Supplied material:
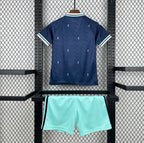 Kit enfant Maillot de l’Allemagne extérieur Coupe du Monde 2026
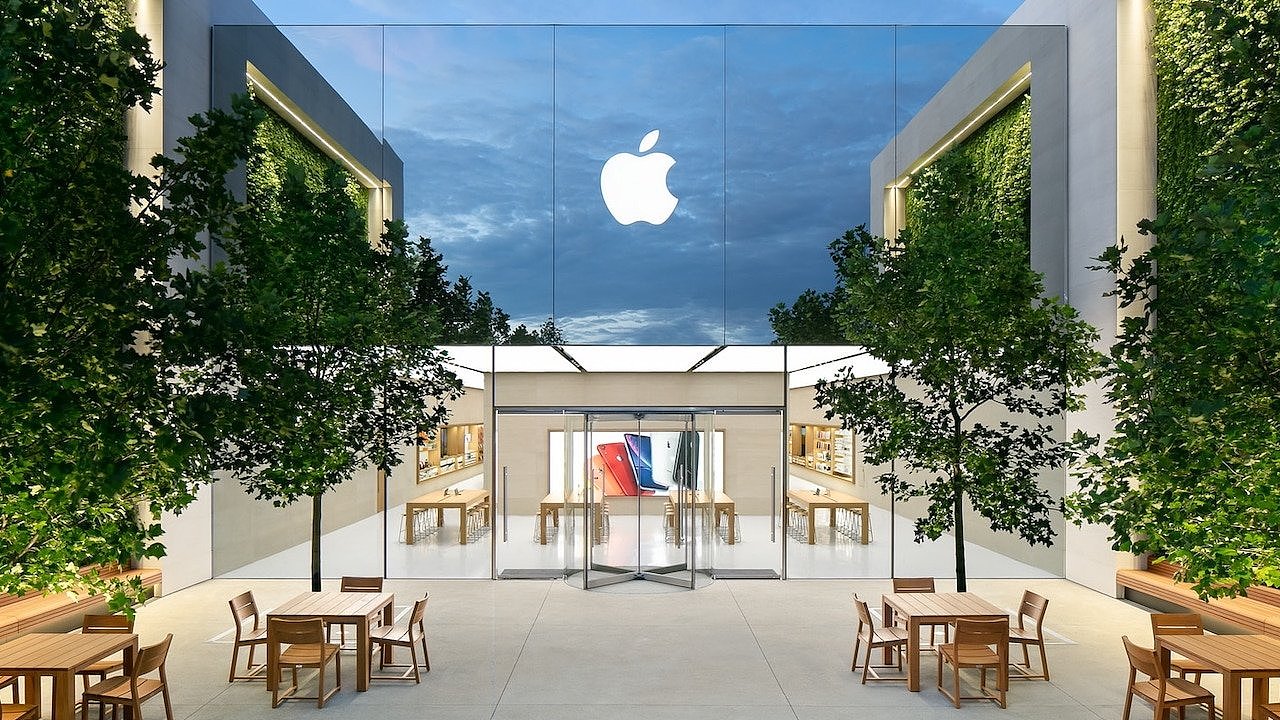 肯塔基州路易斯维尔的Apple Store成为第四家宣布成立工会的商店 - 1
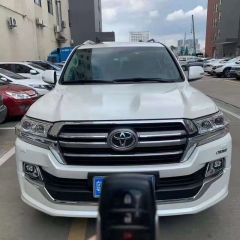 Used 2019 Toyota Land cruiser 5700 SUV ,Gasoline Automatic | AutoFromChina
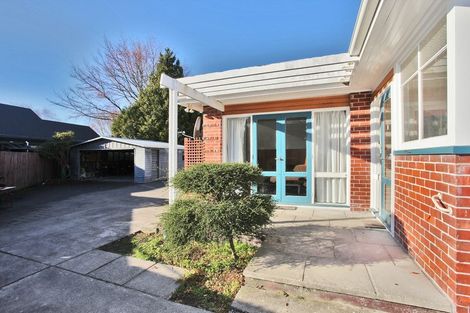 Photo of property in 20 Bowen Street, Upper Riccarton, Christchurch, 8041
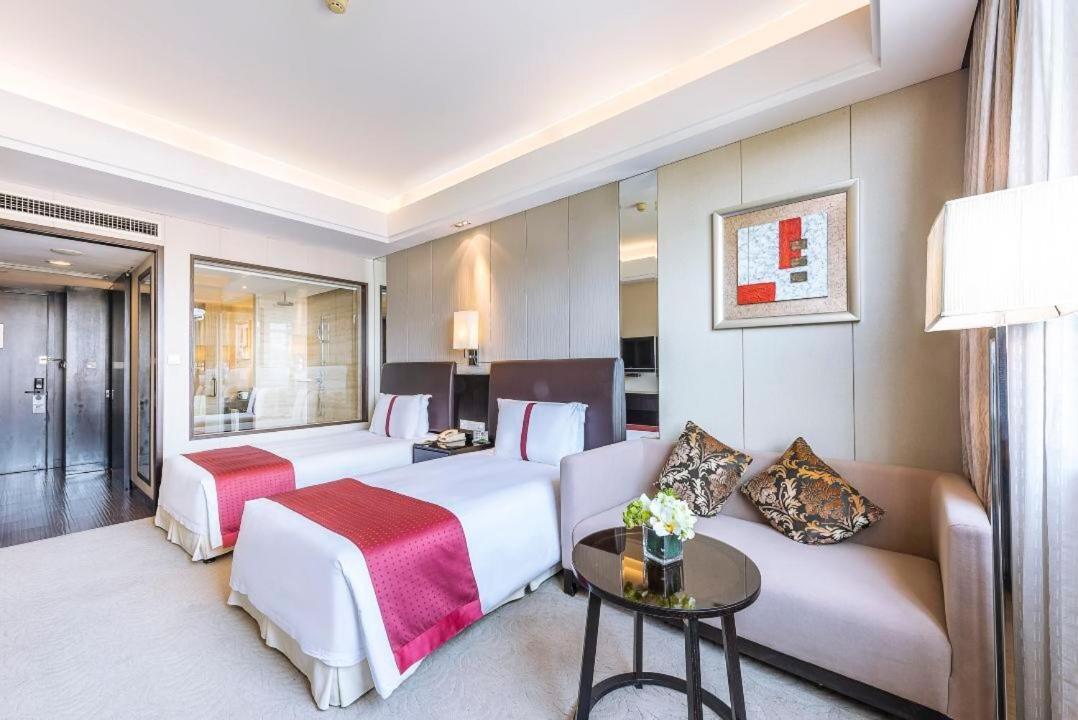 Haiwahai Hotel - Thousand Island Lake Chun'an Eksteriør billede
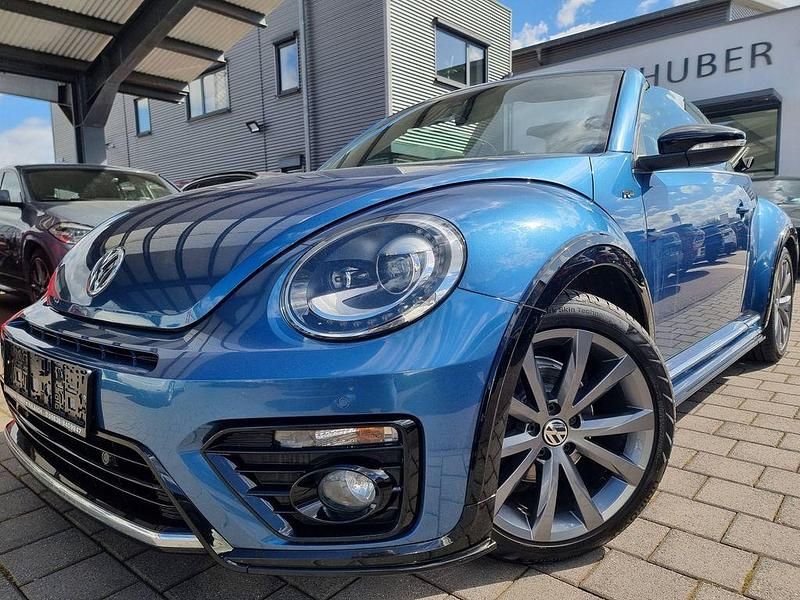 Gebraucht VW Beetle R-line 150 PS (110 kW) 2017 Kleinwagen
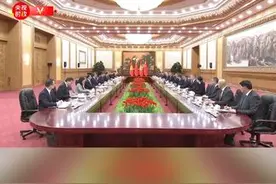 习近平：“不出正月都是年” 很高兴总统先生来华同中国人民一起欢度新年图片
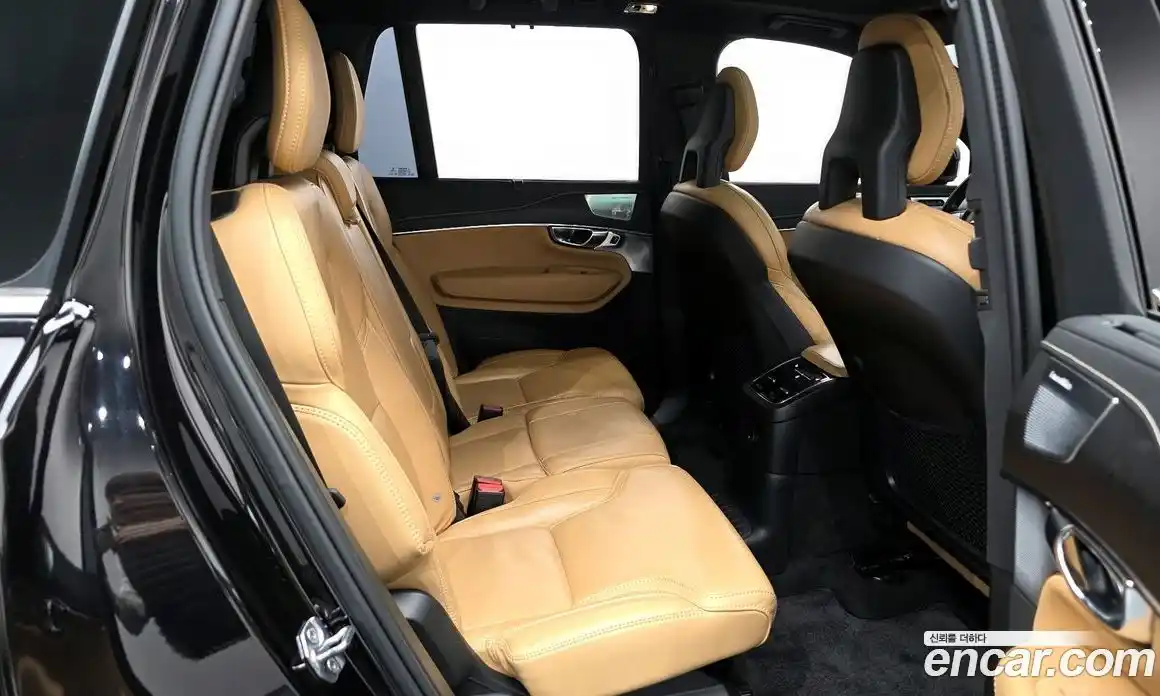 Volvo XC90 2021 2.0 гидро в Москве № 164633, фото 12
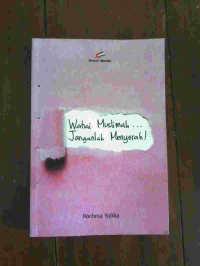 Image of Wahai Mulsimah janganlah Menyerah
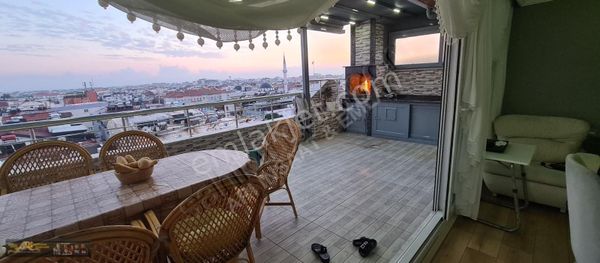 Bakmadan Geçme! Merkez 4+1 Ful Mnzrlı Özel Yapım Dublex Daire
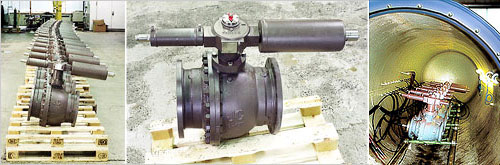 Subsea Actuators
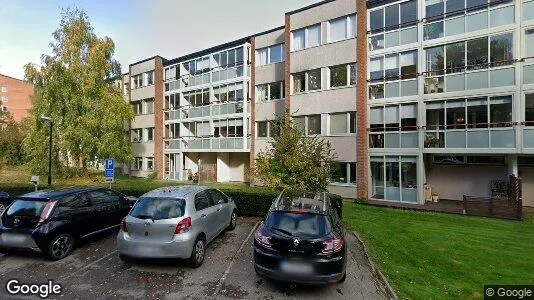 Bostadsrätter till salu i Trollhättan - Bild från Google Street View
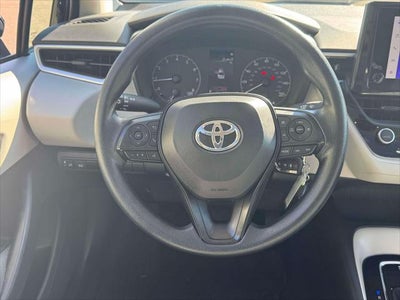 2024 Toyota Corolla LE CVT (Natl)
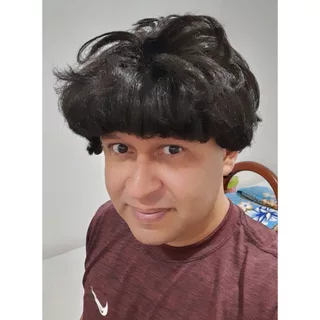 Peruca Masculina / Peruca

What to work on: Omit the pictures, then extract verbatim only those lines that fall between the line containing "2024 Toyota Corolla LE CVT (Natl)" and the final line of the records above, both included.

Solved problem:
 2024 Toyota Corolla LE CVT (Natl)
 Peruca Masculina / Peruca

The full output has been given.